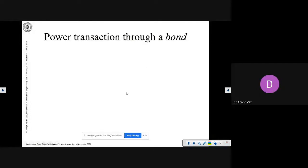So let's begin our lecture. In the previous lecture, we introduced the idea of modeling of physical systems — practically all mechatronic systems are physical systems. We decided to model these using a graphical approach, or bond graph, and we had just initiated the discussion on the approach of bond graph.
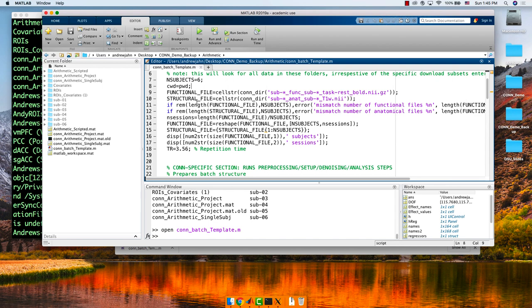The most important settings you'll probably change are N_subjects and TR. Let's say I just discovered that the TR is actually something different and I want to rerun my analysis without doing it all manually. In this case, I can select and change my repetition time, TR, down to 2.1. Before analyzing all six subjects, I'll leave that as is for now.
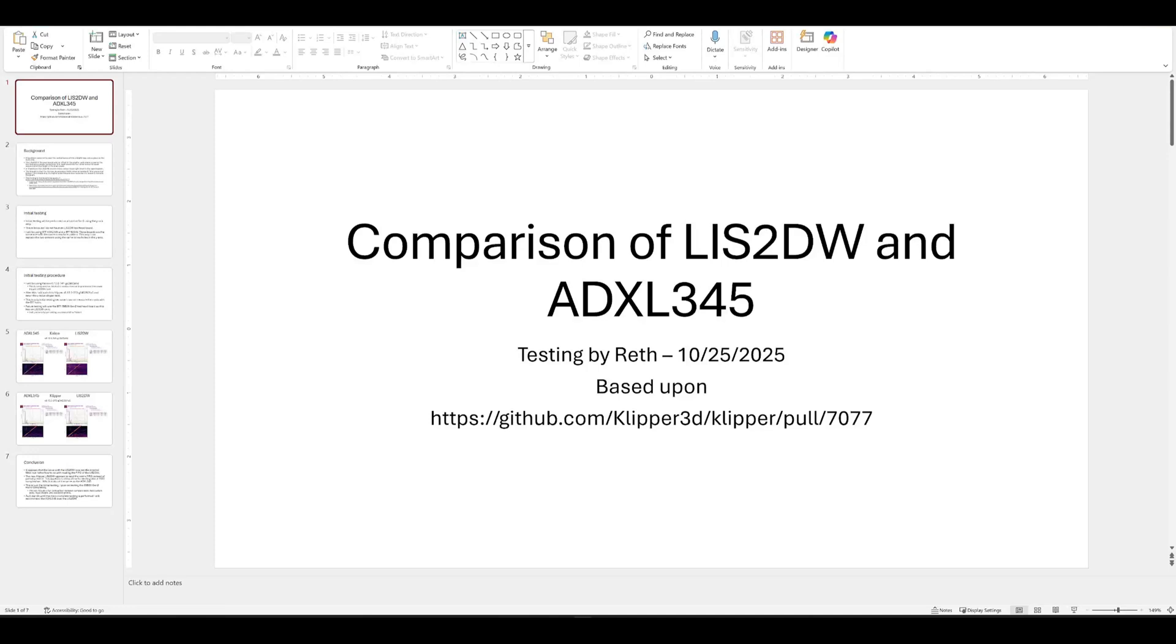Hello, good morning, good evening, how you all doing? So there's been an update to Clipper that affects the LIS2DW, so we're going to talk about it and see what it's all about.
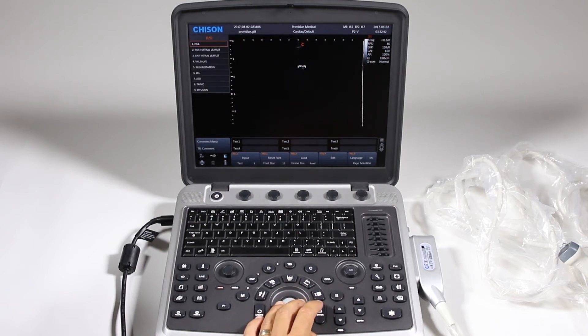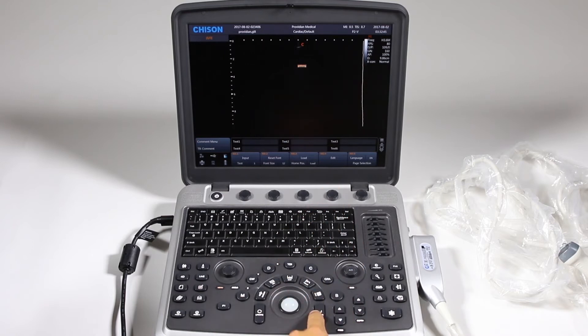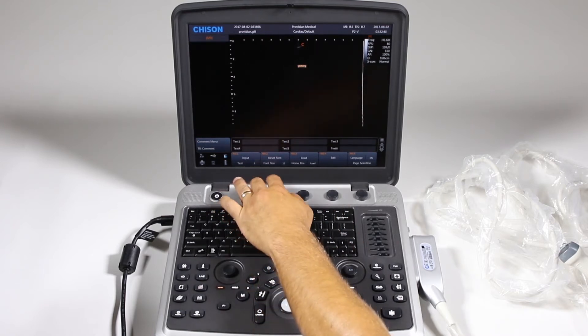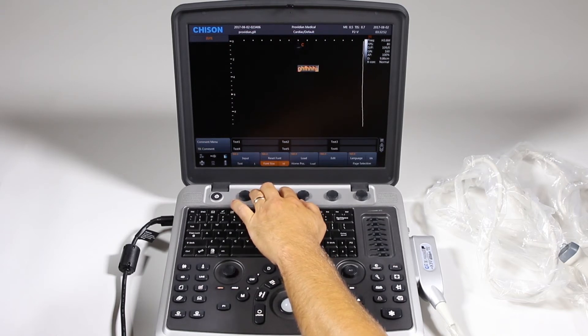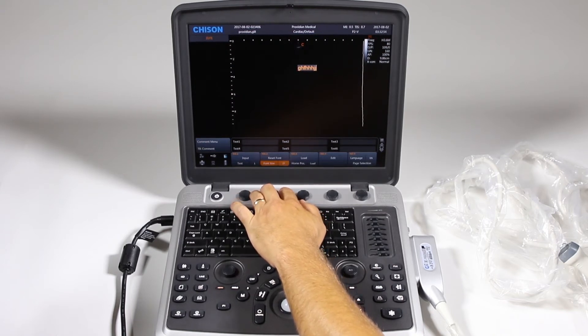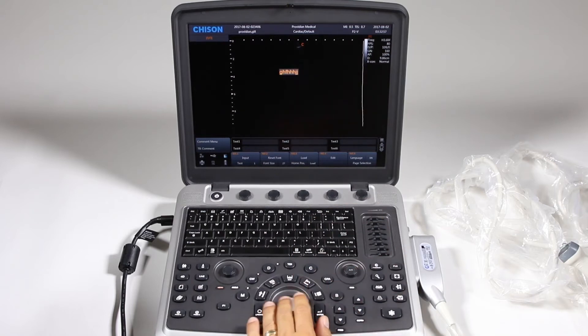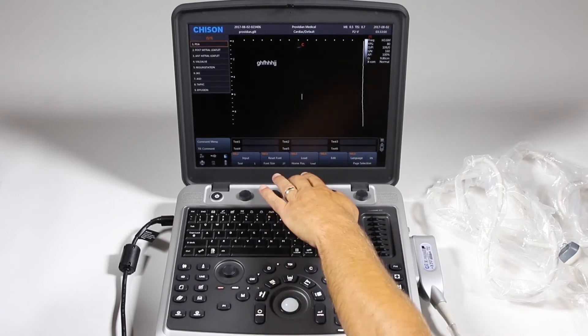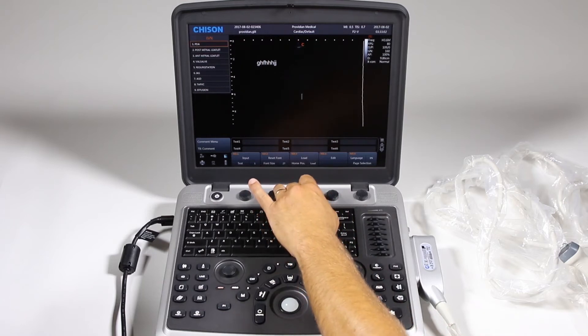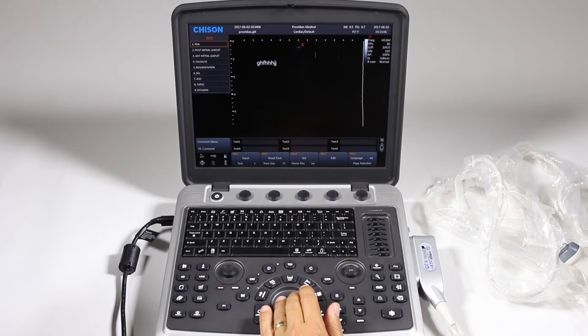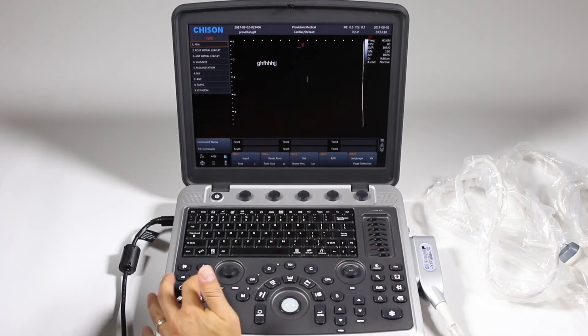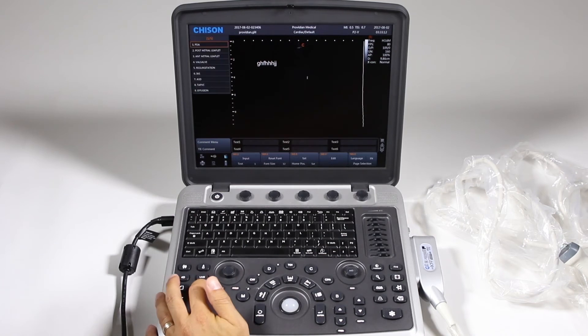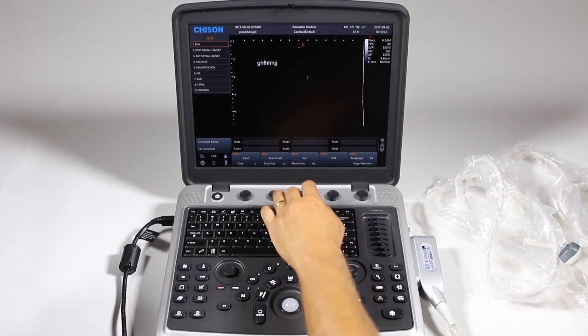Now let's say I wanted that bigger or smaller. I can click on that again using the enter key and I can change the font size here. Also if you want it to appear in the same place, you can set your home position here, move it to the place where you want it, click set. So next time when I hit comment, it will appear in that place every single time.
◆ ◆ ◆ ◆ ◆ ◆ ◆
#### [Exercise instructions]
Leaving the pictures out, output each line of the listing exactly.

#### [Answer box]
So let's begin our lecture. In the previous lecture, we introduced the idea of modeling of physical systems — practically all mechatronic systems are physical systems. We decided to model these using a graphical approach, or bond graph, and we had just initiated the discussion on the approach of bond graph.
The most important settings you'll probably change are N_subjects and TR. Let's say I just discovered that the TR is actually something different and I want to rerun my analysis without doing it all manually. In this case, I can select and change my repetition time, TR, down to 2.1. Before analyzing all six subjects, I'll leave that as is for now.
Hello, good morning, good evening, how you all doing? So there's been an update to Clipper that affects the LIS2DW, so we're going to talk about it and see what it's all about.
Now let's say I wanted that bigger or smaller. I can click on that again using the enter key and I can change the font size here. Also if you want it to appear in the same place, you can set your home position here, move it to the place where you want it, click set. So next time when I hit comment, it will appear in that place every single time.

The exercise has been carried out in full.